Noch in derselben Erzählung lüftet Rosegger übrigens das Geheimnis seiner Sprache. Er berichtet über sein erstes Leseerlebnis „ im grünen Grase": „Ein Buch, ein seelenvolles Buch genießt man dort ganz aus und gedeiht dabei."
Ähnliche Beispiele ließen sich in vielen anderen Prosastücken dieses angeblichen „Naturdichters" finden, allerdings gibt es im Geflecht der Erzählungen zuweilen freilich auch Absätze und ganze Seiten, die den Sprachfluß nicht verdichten, sondern einer vorübergehenden Schwäche des Arbeitsvorgangs verfallen, das heißt: die auf Genauigkeit dringende Form durch das fertige Klischee ersetzen. Selbst die geschliffene Prosa Gustav Flauberts, ja die auf funkelnde Augenblicke konzentrierte, Erinnerungen evozierende und gestaltende, sich als souveränes Kunstwerk aus der Phantasie lösende Sprachlichkeit Marcel Prousts ist von solchen Rückfällen ins Schemenhafte nicht frei: Dari;^ liegt keine Entschuldigung der Folgen künstlerischer Ermattung, wohl aber der Beweis dafür, daß Peter Roseggers Werk mit der Prosa der besten und subtilsten Erzähler verglichen werden kann - und das auch sollte.
Wenn wir aber danach fragen, was in solchen Augenblicken des Arbeitsprozesses tatsächlich vor sich geht, so bleibt uns nichts anderes übrig als die Antwort metaphorisch zu formulieren. Die Wirklichkeit läßt sich in diesem Fall nur als etwas Transzendierendes fassen.
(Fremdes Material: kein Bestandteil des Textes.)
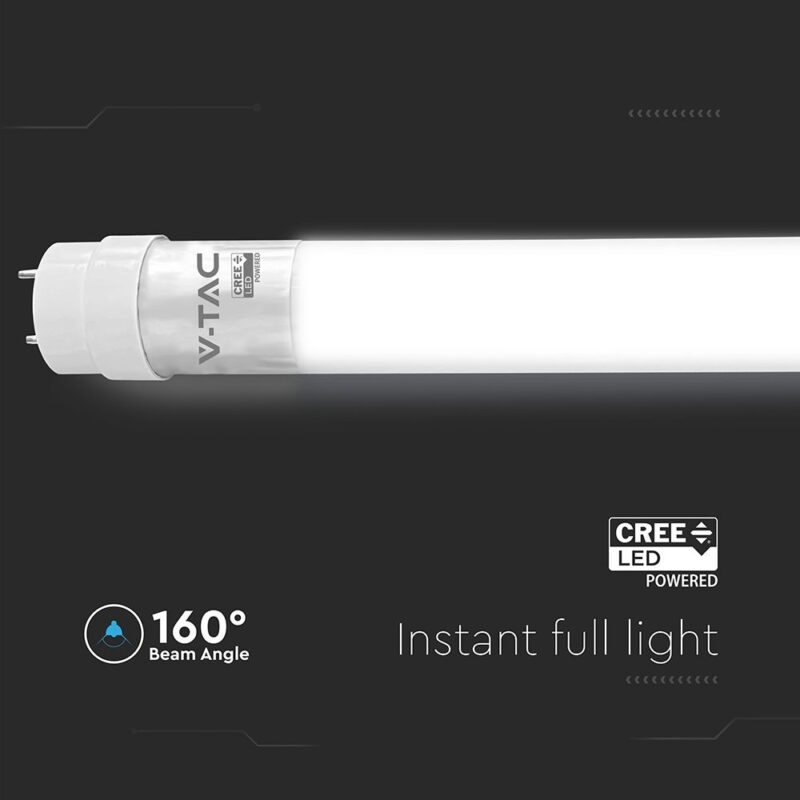 LED Λάμπα T8 G13 60cm 9W V-TAC Cree Chip 850lm 160° Φυσικό 4000K 6yrs Wty – 216516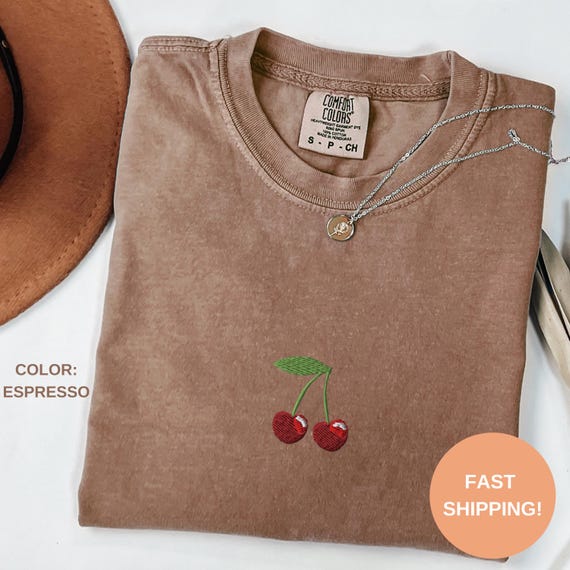 Embroidered Cherry Comfort Colors® T-shirt, Retro Cherry Embroidery Shirt, Cherry Lovers, Aesthetic Clothing Oversized Washed Shirts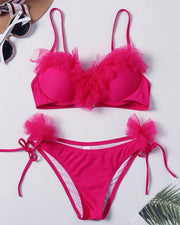 Mesh Patchwork Strap Bra With Panties Bikini Sets - Xmadstore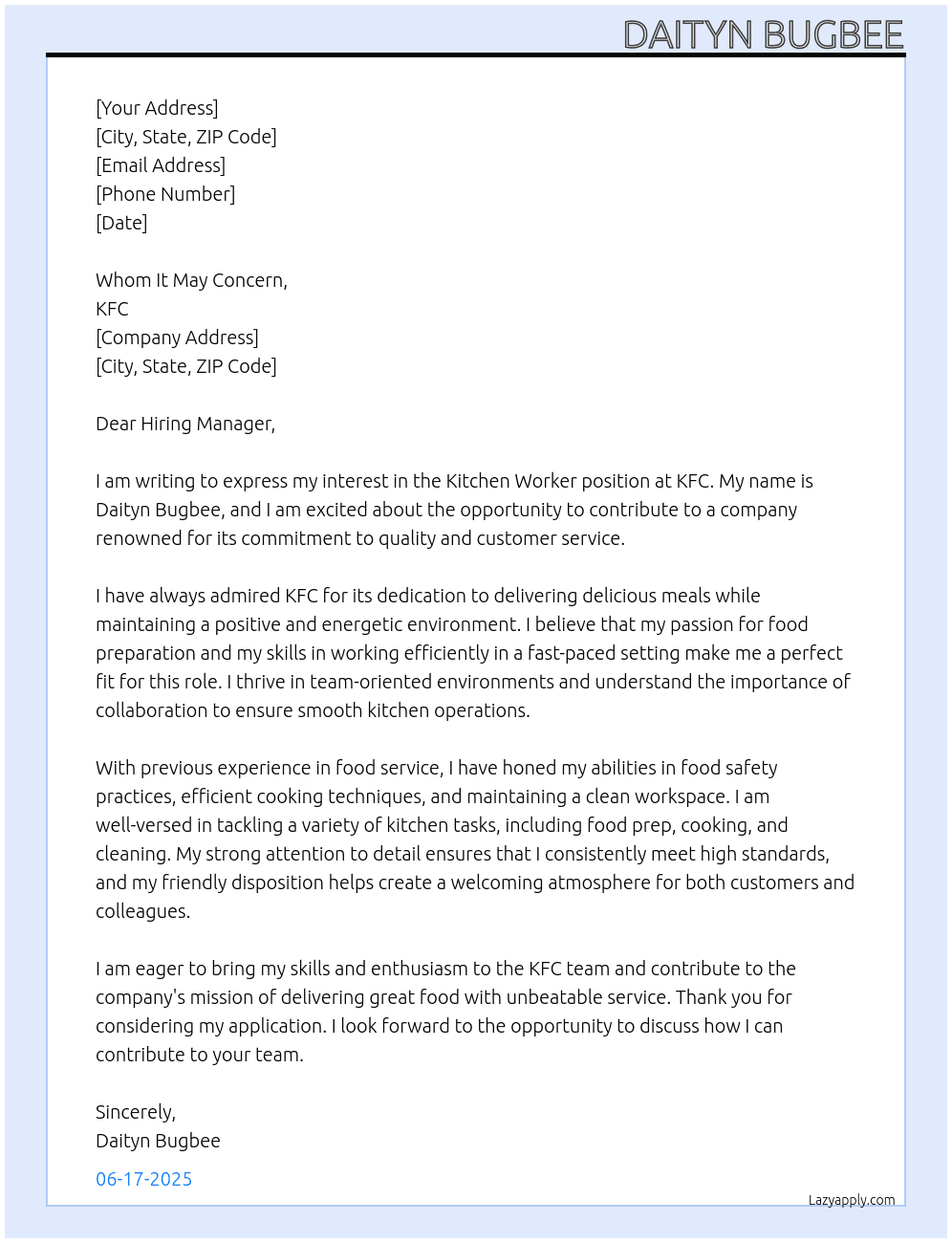 Cover letter for kitchen worker - LazyApply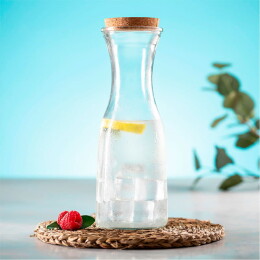 Happy gifts Бутылка LONPEL, 1л, 27,2х9,3см, стекло, пробковое дерево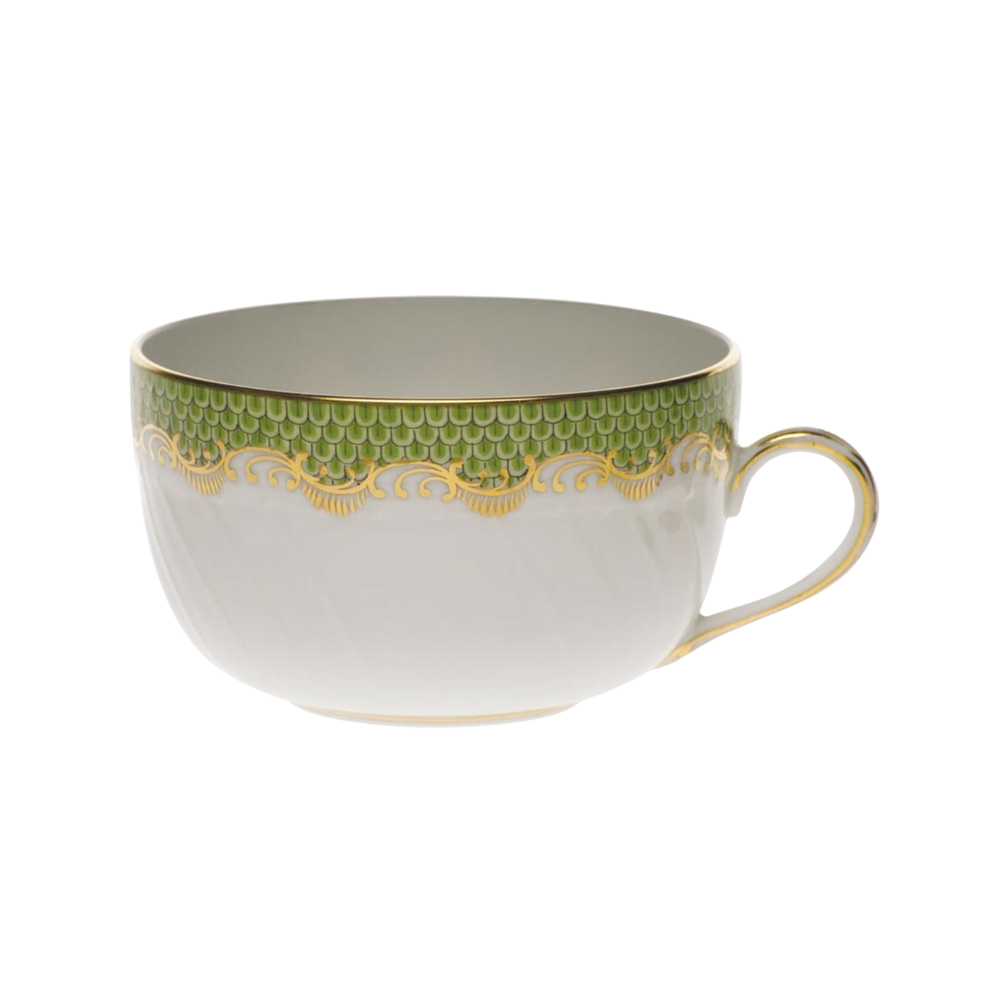 HEREND FISH SCALE EVERGREEN CANTON TEA CUP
Denn es ist die Stimme der Seele, die in solchen Sekunden erklingt, zur Sprache und zur Schrift wird, und vielleicht ist es allein das selbstverständliche Gefühl, eine Seele zu besitzen, ja vor allem diese Seele zu sein, das den Autor zwingt, einerseits die staunenden Erfahrungen dieser Seele während ihres Verweilens in der als materiell empfundenen Wirklichkeit darzustellen, andererseits aber im Körperlosen zu verharren, nämlich in der Sprachlichkeit, die Hauch und Musik ist, Rhythmus und - in ihrer unhörbaren Erscheinungsform -eine unentwirrbare Einheit von aufkommenden, herbeigesehnten oder auch herbeigezwungenen, aber auch in diesem Fall flüchtigen Empfindungen und Gedanken -nur selten die Ergebnisse eines blitzartigen Begreifens. In der Prosa Peter Roseggers ist die Sprache der Seele immer wieder zu vernehmen.
Deshalb bleibt sein Beispiel für uns, Autoren erzählender Prosa der Gegenwart, nicht nur lehrreich, ja, was die Geheimnisse der Kunst -oder, bescheidener gesprochen, unserer Kunstfertigkeit - betrifft, richtungweisend, sondern in einer ganz bestimmten Art bezaubernd. Sobald wir, nach Zeiten des Zweifeins, die Analogien zwischen Poesie und Religion wieder einmal entdecken, vermag uns - bei Ertönen der Engelsprache der Seele - Peter Roseggers Sprachlichkeit über den Augenblick des Staunens hinwegzuhelfen: Siehe da, vielleicht ist es doch keine Halluzination!